Historians say the trouble 100 years ago in Tulsa began after a local newspaper drummed up a furore over a black man accused of stepping on a white girl’s foot.
When black Tulsans showed up with guns to prevent the man’s lynching, white residents responded with overwhelming force.
A grand jury investigation at the time concluded, without evidence, that unidentified agitators had given Tulsa’s African Americans both their firearms and what was described as their mistaken belief “in equal rights, social equality and their ability to demand the same”.
Tensions persist in Tulsa ahead of Mr Biden’s appearance.
Organisers called off a headline commemoration of the 100th anniversary of the Tulsa Race Massacre, saying no agreement could be reached over monetary payments to three survivors of the deadly attack. It highlights broader debates over reparations for racial injustice.
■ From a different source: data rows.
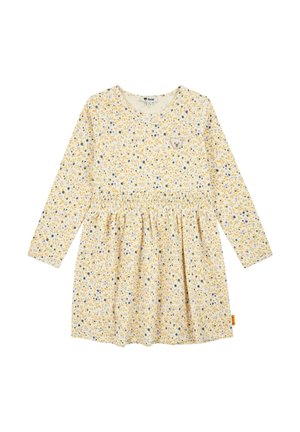 Langärmliges kremfarbenes Kleid mit gelbem und blauem Blumenmuster und kleinem Bären-Gesicht-Aufnäher auf der Brust, elastischer Taille und rundem Ausschnitt.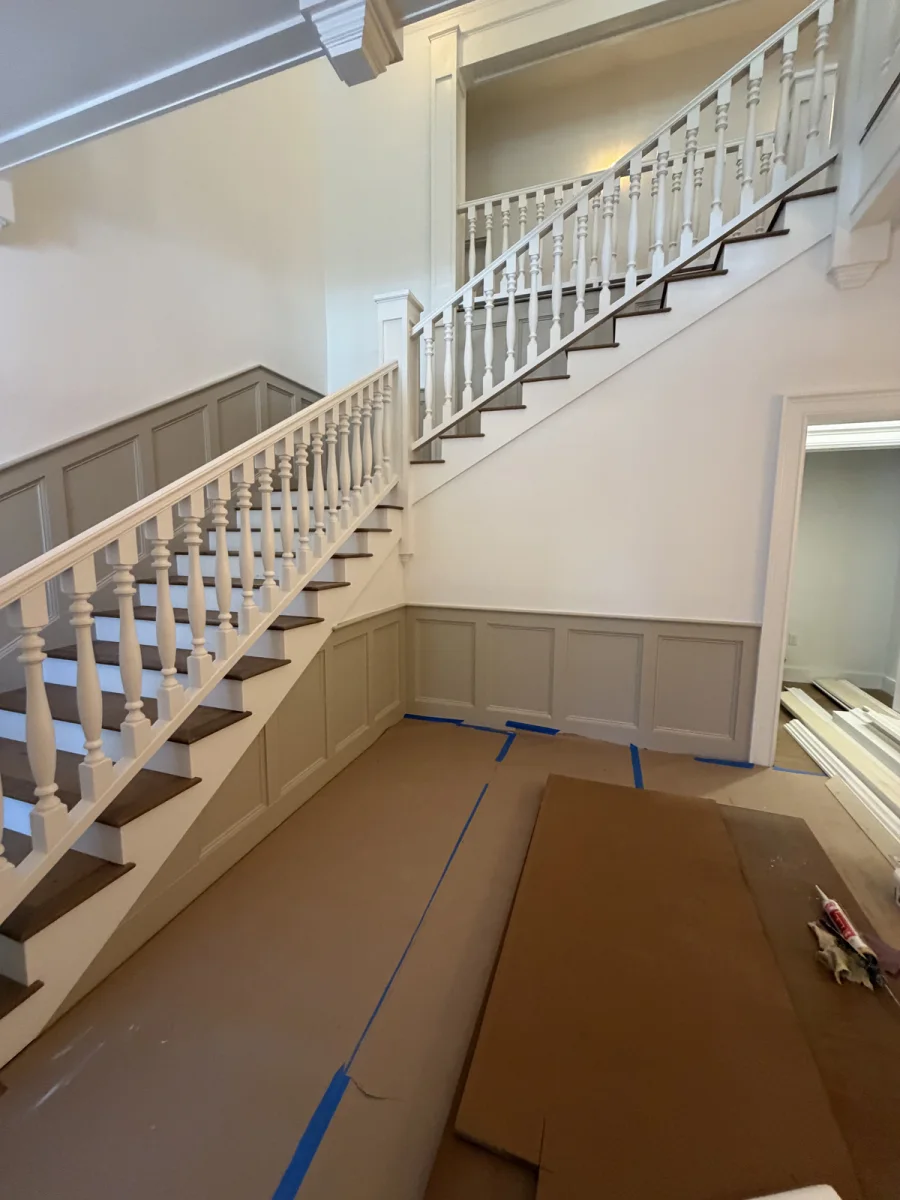 Staircase with white-painted balusters and greige wainscot panelling, floors covered during finishing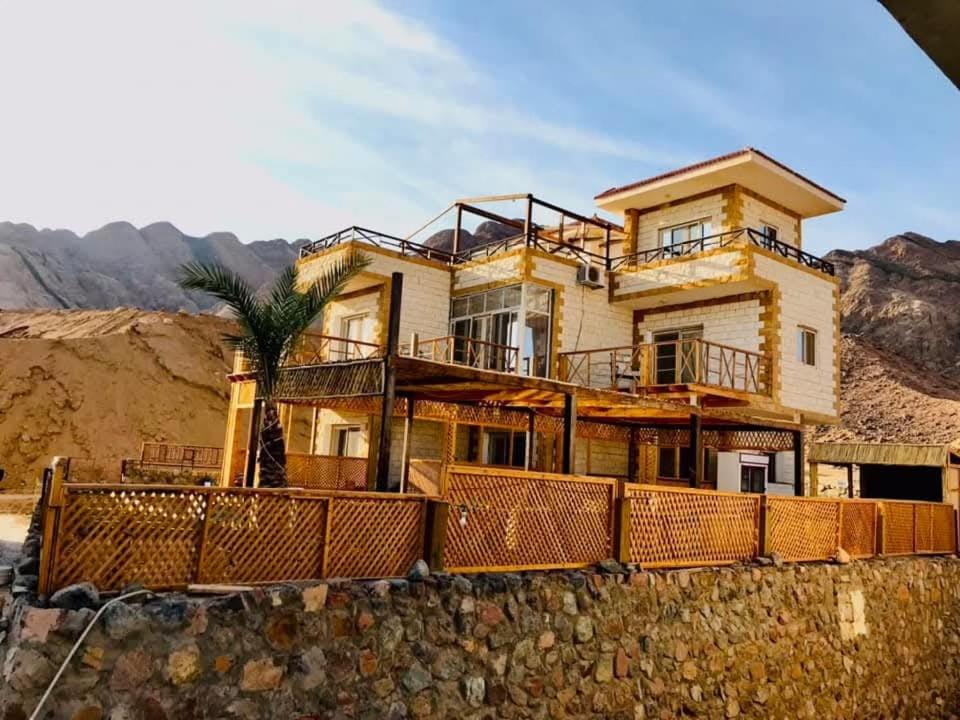 Dahab Hills Villa Resort في دهب: منزل جالس على جدار حجري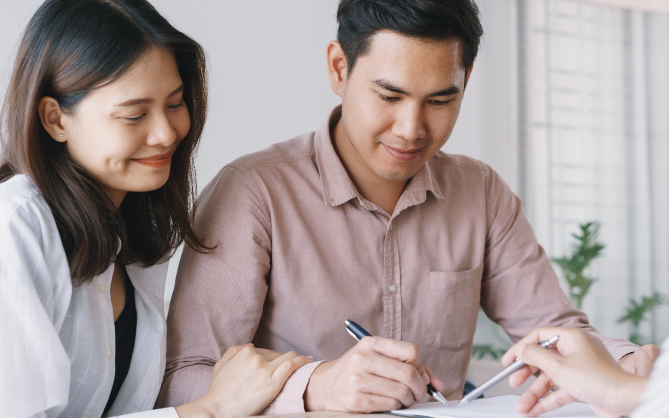 Happy couple signing on a loan contract from the top licensed money lender in Orchard, Singapore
Disagreements among black leaders in Tulsa over the handling of commemoration events and millions of dollars in donations have led to two disparate groups planning separate slates of events marking the massacre’s 100th anniversary.
Mr Biden, who served as vice president to the nation’s first black president and selected a black woman as his own vice president, backs a study of reparations, both in Tulsa and more broadly, but has not committed to supporting payments.
He recently declared the need for Americans to confront its ugly past, saying: “We must acknowledge that there can be no realisation of the American dream without grappling with the original sin of slavery, and the centuries-long campaign of violence, fear, and trauma wrought upon African American people in this country.”